Available data >>
——
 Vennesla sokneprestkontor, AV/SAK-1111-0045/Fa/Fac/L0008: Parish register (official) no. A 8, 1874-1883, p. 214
——
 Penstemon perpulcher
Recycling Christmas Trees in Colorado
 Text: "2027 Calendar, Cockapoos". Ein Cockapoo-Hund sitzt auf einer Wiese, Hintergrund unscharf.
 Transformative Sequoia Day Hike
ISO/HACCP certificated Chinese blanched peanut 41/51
——
Required work >> Leave out every line above except those from the line with "Transformative Sequoia Day Hike" up to and including the line with "ISO/HACCP certificated Chinese", and copy those exactly.

Problem solution >>
 Transformative Sequoia Day Hike
ISO/HACCP certificated Chinese blanched peanut 41/51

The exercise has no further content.